== Segment start ==

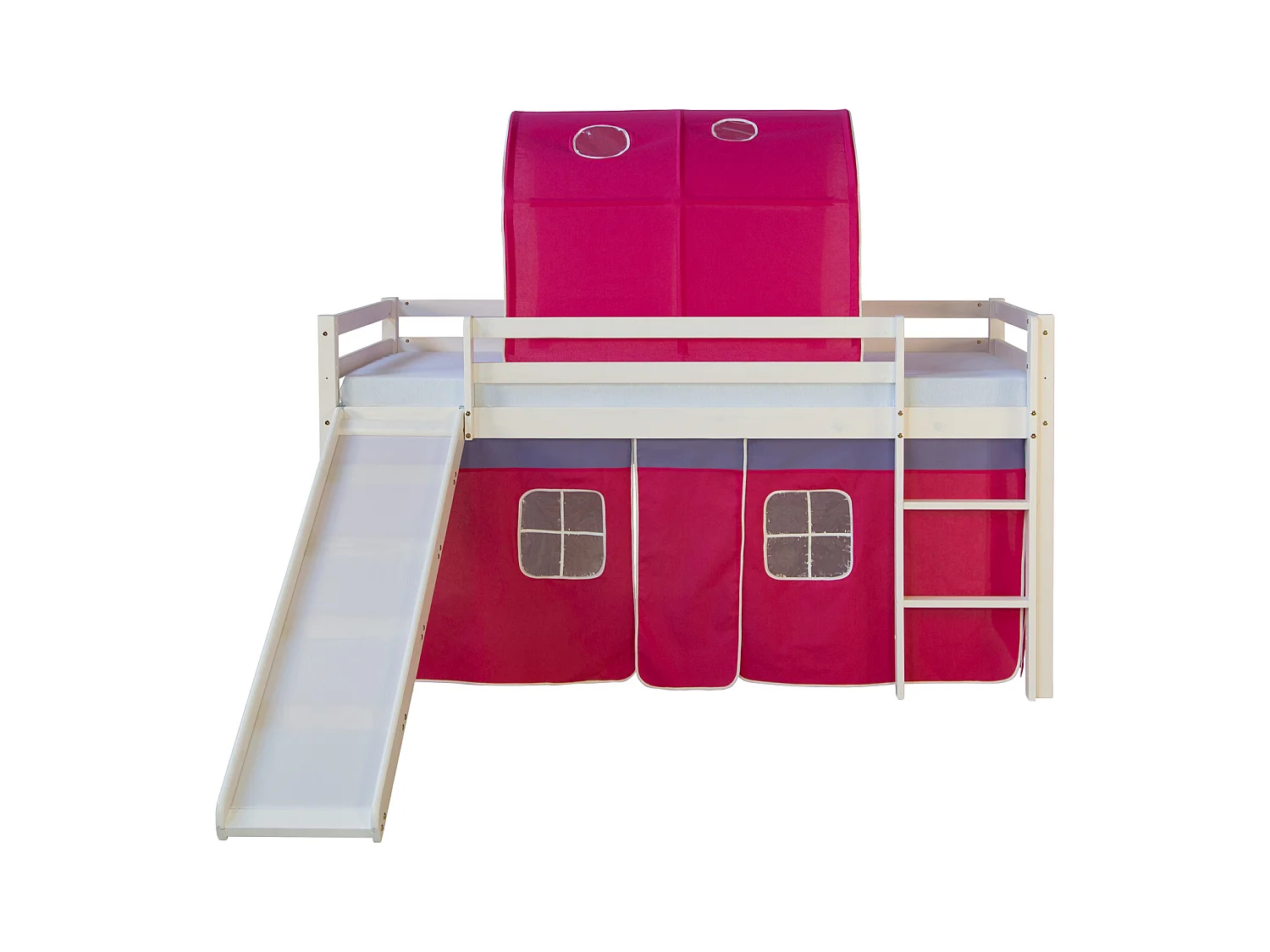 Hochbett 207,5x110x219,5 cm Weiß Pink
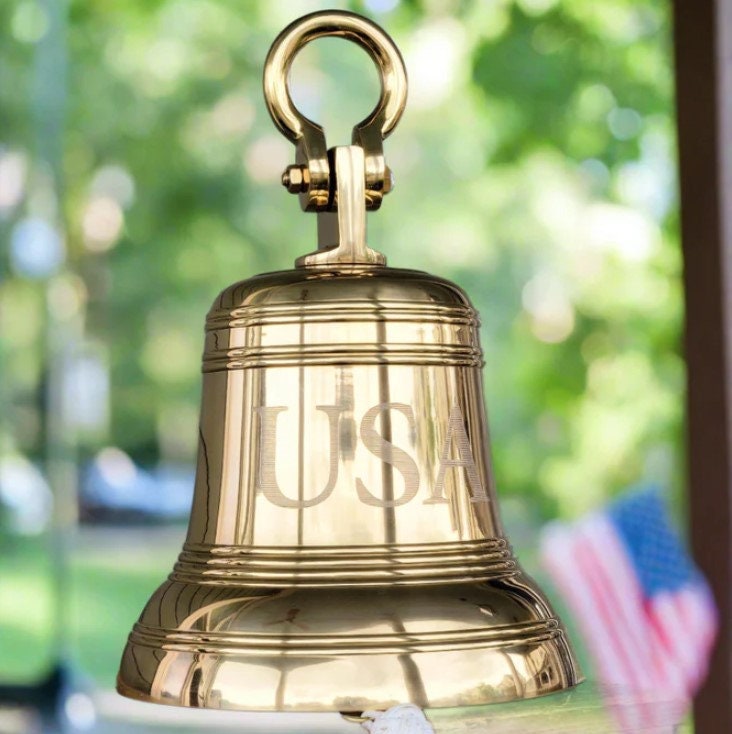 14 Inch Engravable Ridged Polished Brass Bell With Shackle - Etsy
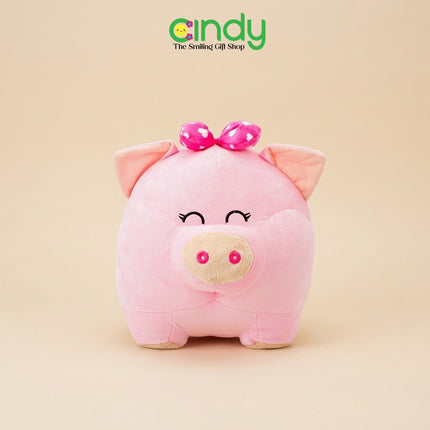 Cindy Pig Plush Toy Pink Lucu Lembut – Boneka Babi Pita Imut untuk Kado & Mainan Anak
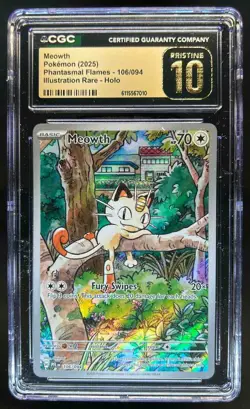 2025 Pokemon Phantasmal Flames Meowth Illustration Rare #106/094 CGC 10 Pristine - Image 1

== Segment end ==
== Segment start ==

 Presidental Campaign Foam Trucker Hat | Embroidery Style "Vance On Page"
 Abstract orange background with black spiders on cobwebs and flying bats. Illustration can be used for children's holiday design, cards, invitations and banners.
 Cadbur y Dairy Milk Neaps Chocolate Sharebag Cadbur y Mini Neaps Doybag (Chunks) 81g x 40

== Segment end ==
== Segment start ==

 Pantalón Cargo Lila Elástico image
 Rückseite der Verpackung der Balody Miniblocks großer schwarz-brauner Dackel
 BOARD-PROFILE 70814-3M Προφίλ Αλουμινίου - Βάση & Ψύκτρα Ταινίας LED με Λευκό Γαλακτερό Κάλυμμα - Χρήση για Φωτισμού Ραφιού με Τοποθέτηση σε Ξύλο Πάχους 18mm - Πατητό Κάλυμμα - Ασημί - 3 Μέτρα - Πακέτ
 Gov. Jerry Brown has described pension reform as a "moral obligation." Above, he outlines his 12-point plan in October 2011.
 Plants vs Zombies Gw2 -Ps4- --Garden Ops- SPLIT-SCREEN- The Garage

== Segment end ==

Instructions to follow >> Range to copy from the listing above: the line with "Hochbett 207,5x110x219,5 cm Weiß Pink" through the line with "2025 Pokemon Phantasmal". Transcribe it exactly and skip the pictures.

Task solution >>
 Hochbett 207,5x110x219,5 cm Weiß Pink
 14 Inch Engravable Ridged Polished Brass Bell With Shackle - Etsy
 Cindy Pig Plush Toy Pink Lucu Lembut – Boneka Babi Pita Imut untuk Kado & Mainan Anak
 2025 Pokemon Phantasmal Flames Meowth Illustration Rare #106/094 CGC 10 Pristine - Image 1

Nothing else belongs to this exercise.